Each line below containing the word "White" needs to be shown.

--- Records to use Enclosed Below ---

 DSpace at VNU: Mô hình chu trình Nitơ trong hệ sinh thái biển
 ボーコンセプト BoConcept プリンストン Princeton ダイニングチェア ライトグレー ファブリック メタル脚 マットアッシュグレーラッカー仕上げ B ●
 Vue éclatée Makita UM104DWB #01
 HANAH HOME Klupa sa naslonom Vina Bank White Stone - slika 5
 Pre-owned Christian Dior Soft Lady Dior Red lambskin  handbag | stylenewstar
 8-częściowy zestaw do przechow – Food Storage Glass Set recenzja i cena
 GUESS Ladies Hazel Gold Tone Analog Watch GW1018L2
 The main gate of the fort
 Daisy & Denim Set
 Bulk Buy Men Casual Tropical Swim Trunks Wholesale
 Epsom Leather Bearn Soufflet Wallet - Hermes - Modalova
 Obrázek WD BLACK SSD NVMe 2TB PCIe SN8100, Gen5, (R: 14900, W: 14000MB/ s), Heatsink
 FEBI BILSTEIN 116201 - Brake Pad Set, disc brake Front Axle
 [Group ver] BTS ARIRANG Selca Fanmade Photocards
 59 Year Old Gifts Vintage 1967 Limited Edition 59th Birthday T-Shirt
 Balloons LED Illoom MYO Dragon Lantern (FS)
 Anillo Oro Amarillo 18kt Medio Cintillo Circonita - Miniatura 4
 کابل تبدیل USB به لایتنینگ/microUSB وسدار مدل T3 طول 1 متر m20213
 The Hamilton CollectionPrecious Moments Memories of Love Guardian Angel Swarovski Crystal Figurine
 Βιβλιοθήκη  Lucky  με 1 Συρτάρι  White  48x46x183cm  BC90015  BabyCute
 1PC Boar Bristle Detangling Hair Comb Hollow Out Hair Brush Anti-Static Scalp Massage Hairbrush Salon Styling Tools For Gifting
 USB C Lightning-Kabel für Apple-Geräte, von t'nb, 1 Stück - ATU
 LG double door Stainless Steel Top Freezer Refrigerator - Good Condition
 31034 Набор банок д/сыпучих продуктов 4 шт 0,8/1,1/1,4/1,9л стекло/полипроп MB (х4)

--- End of Enclosed Records to use ---

- _Exercise answer_:
 HANAH HOME Klupa sa naslonom Vina Bank White Stone - slika 5
 Βιβλιοθήκη  Lucky  με 1 Συρτάρι  White  48x46x183cm  BC90015  BabyCute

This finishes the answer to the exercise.